Standardisation gets progressively more difficult to maintain for small things used by large number of people: stationery being a classic example; or where the quality of the product changes rapidly, such as computers and mobile phones; or where the product is not very homogenised, such as construction.
Standardisation is even more difficult when it comes to services, where quality is everything. If the client can specify what they want in some detail, such as with facility management services, a degree of standardisation is possible. But when it comes to the sort of specialist services that bosses care about such as advice or project delivery, the quality of the product is impossible to standardise, nor would you want to buy it if it were.
The challenge with standardisation is maintaining control over your organisation in accepting both the standard and the restricted supply chain.
The greater the size of the contract on offer, the more commercially attractive it is. Therefore, the more you can aggregate your demand the better the deal you can get. Aggregation can be either across departments within a business, or across a group of businesses, or even across different organisations, although this is easier in the public sector than in the private sector.
There are several challenges to overcome before you can benefit from aggregation. The first is co-ordination of all the different requirements. The second is control, as above. The third is a market mature enough to have big suppliers capable of meeting the demand.
Competition should be the easy part. The tender process is meat and drink to procurement professionals. Or is it? I’ve met a surprisingly large number of people in procurement who are inexperienced in running a professional tender or lack the organisational clout to tender certain supplies or don’t re-tender at pre-determined, regular intervals. The result is less competition than you might expect.
A proper competitive tender is a time-consuming, energy-absorbing, emotionally draining process for both client and vendors. I think sometimes people don’t want to put in the effort required to get the competition they need. That’s good news for incumbents. If you want further insight into the reluctance to tender you need look no further than the procurement concept of ‘partnering’. This explicitly removed competition from the process and treats a supplier like an employee: their service is based on close working relationships and trust.
There’s no doubt partnering can be effective. If you’ve ever come to the end of a successful project you just ‘know’ that the same team could roll straight on to the next project and do a great job. For that reason, partnering works only where you have a secure project pipeline. How sustainable is such a situation? Rarely. It’s no surprise that many partnering arrangements broke down during the recent recession and clients suddenly became keen on competition again.
If you have ever prepared a tender from the vendor side, you know the truth; namely, that vendors sharpen their pencils when they know they are in competition, no matter how confident they are in the quality of their product or the closeness of their client relationship. They don’t do this when they know they are not in competition. It’s as simple as that.
Why does it go wrong in practice?
I’ve experienced countless examples of local organisations complaining they can source locally cheaper than some Europe-wide tender negotiated by a central buying authority. On the other side of that same story, I’ve heard suppliers complain that the promised aggregate demand never materialises. I’ve spoken with employees so annoyed with the grey tissue-paper thin notepads that in frustration they’ve gone down to the local shop and spent their own money buying a pad of decent quality paper. I’ve known executives waste hours configuring their travel plans to avoid certain pre-defined cheap and cheerful route deals. And I’ve seen senior executives call in personal contacts to carry out professional services on the basis that ‘This is the only firm that can do the job’.
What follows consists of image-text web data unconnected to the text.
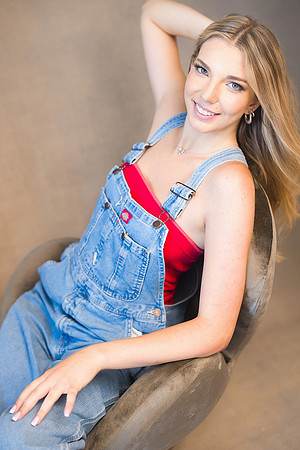 inside the style studio, monica hahn photography, modeling photography, model portfolio, model photographer, fashion photographer, female model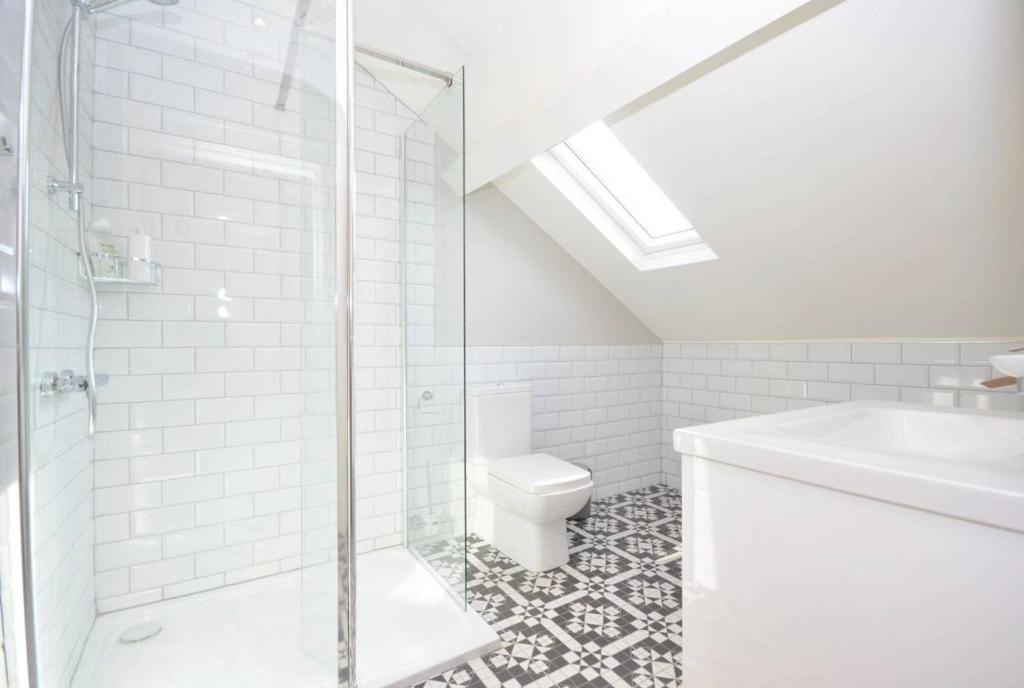 Modern Queens Quarter Townhouse 2 3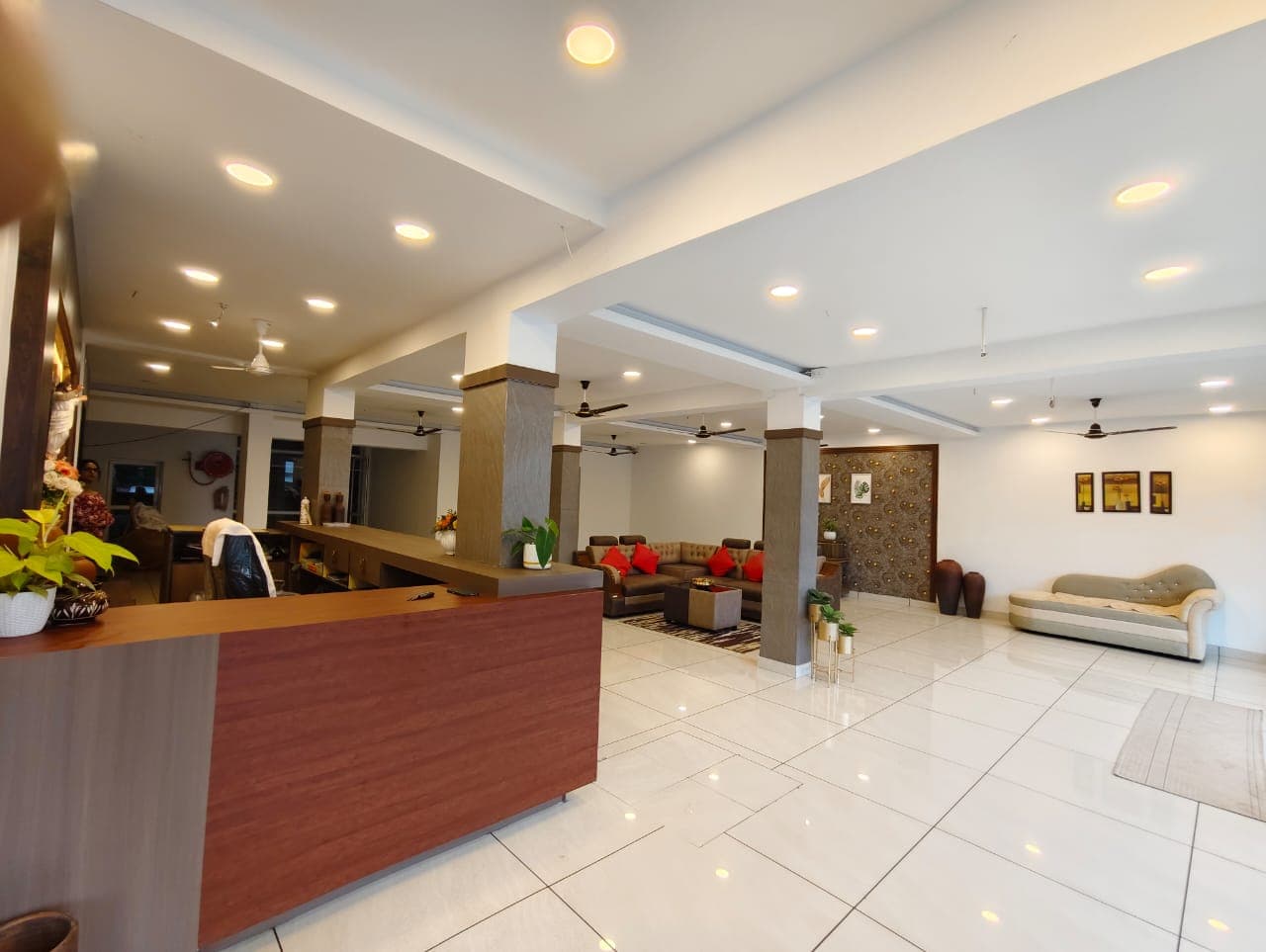 Idukki Castle Hotel - Nestled in the hills of Kumily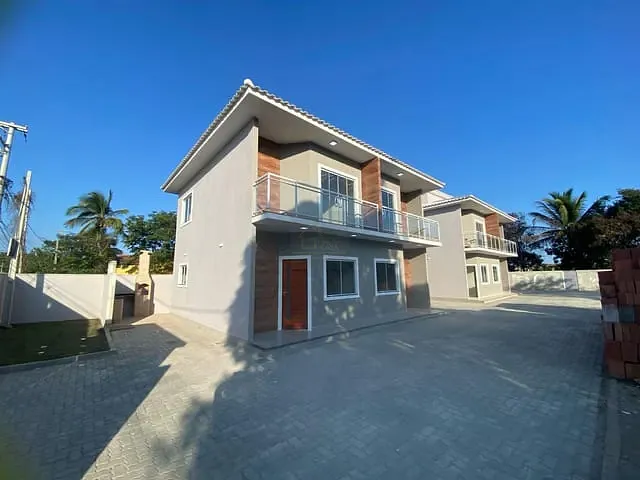 Casa com 80m² 2 quartos e 3 banheiros, à venda, no bairro Jardim Atlântico Leste (Itaipuaçu) em Maricá
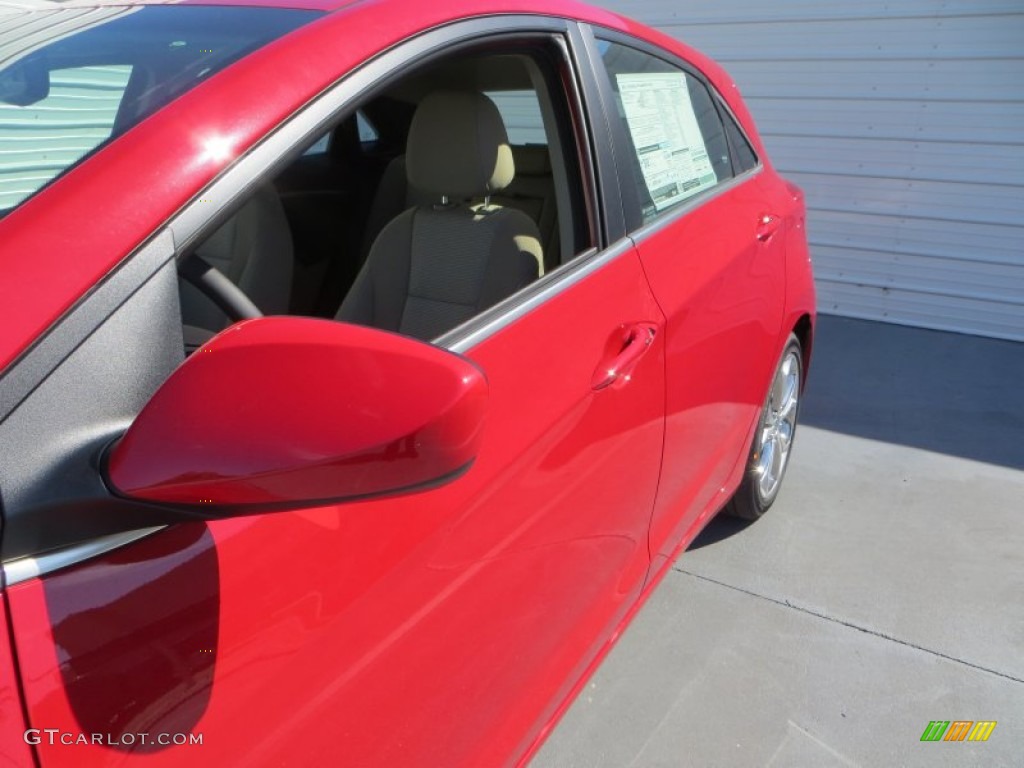 2013 Elantra GT - Volcanic Red / Beige photo #13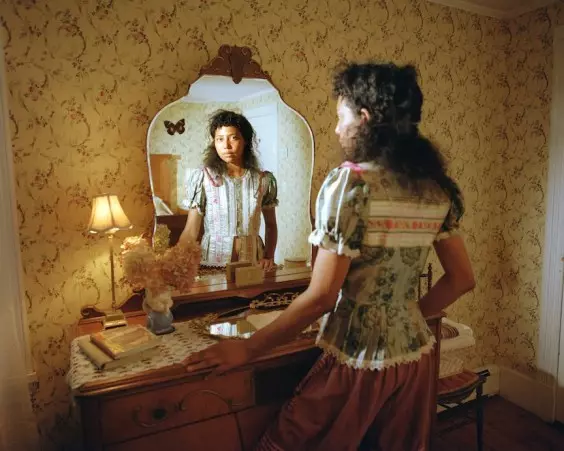 June McDoom – 'İnsan Mələk'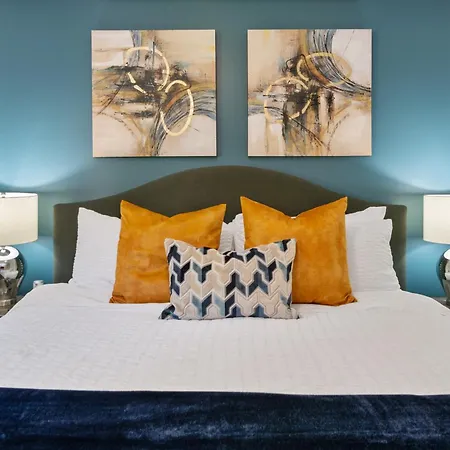 Serene Living Near Downtown Bellevue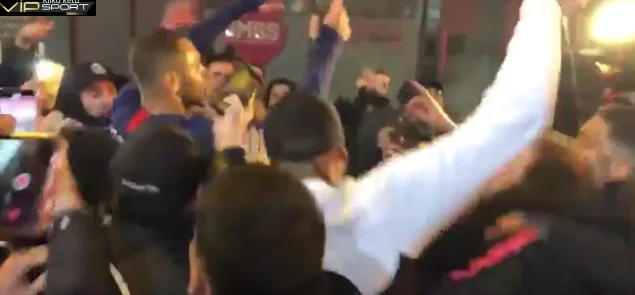 No hay miedo a la coronaria. El defensor del SPG celebra y abraza con los fans (Vídeo)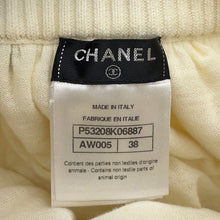 Load image into Gallery viewer, CHANEL Frilled Mini Flare Skirt Size 38 WhiteP53208 K06887 Cotton41% Linen41% Nylon18%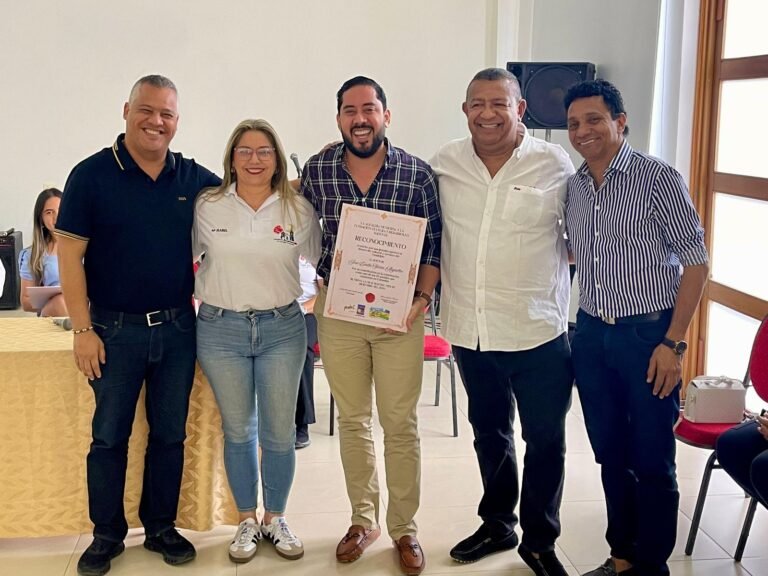 José Emilio Sierra, recibe reconocimiento por su aporte al desarrollo cultural y turístico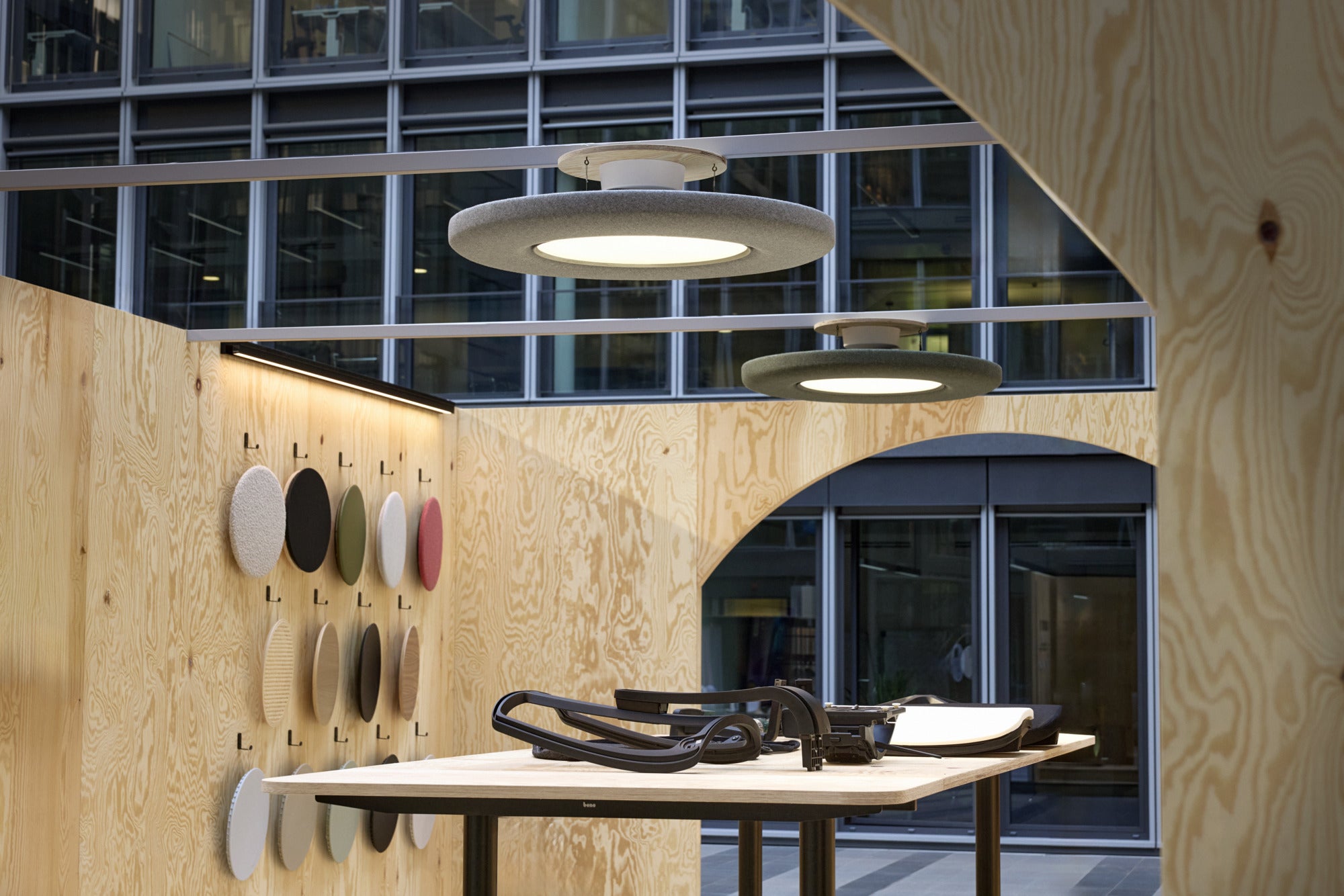 LP SLIM ACOUSTIC pendant lamp with black rim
Achieving procurement savings requires a level of control over your organisation that many firms don’t realise they haven’t got. And it’s probably just as well because, if they did, many of their staff wouldn’t want to work there.
Is this just a counsel of despair from someone who’s spent a career chasing ambitious but ephemeral procurement savings that have been used to pad out a weak business case? Not at all? But it is a request to be cautious the next time you hear a politician or manager claim procurement savings will fund some policy initiative or business project. It won’t.
How then should you handle procurement savings in your financial calculations? The truth is the more professional your procurement team, the greater check they will be on the underlying inflationary pressure on your cost base. They are a source of productivity improvement, not necessarily of extra cash. I’d recommend incorporating procurement ‘savings’ within your overall inflation forecasts.